_Data segment:_
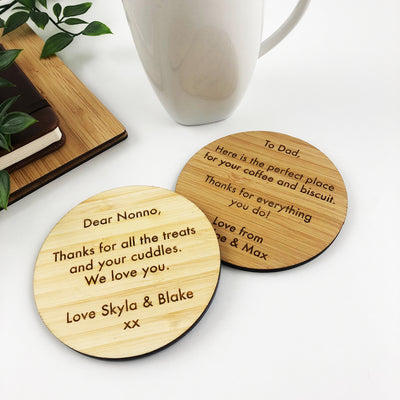 Double Sided Text Personalised Drink Coaster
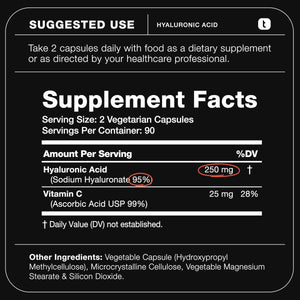 Ultra High Purity Hyaluronic Acid Capsules - 275Mg Formula - 180 Capsules - Suppviv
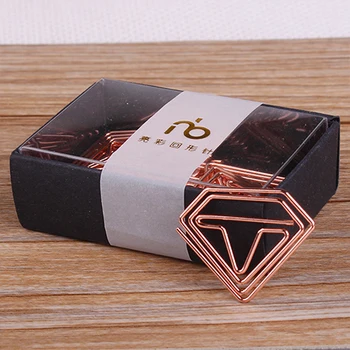 

Rose Gold diamond Metal Color Clip Creative Lovely Bookmark Korean Version Shool Metal Clips Paper Bookmark Accessories Office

_Your goal:_ Send back every line of the listing exactly. Omit the images.

_Result of the task:_
 Double Sided Text Personalised Drink Coaster
 Ultra High Purity Hyaluronic Acid Capsules - 275Mg Formula - 180 Capsules - Suppviv

Rose Gold diamond Metal Color Clip Creative Lovely Bookmark Korean Version Shool Metal Clips Paper Bookmark Accessories Office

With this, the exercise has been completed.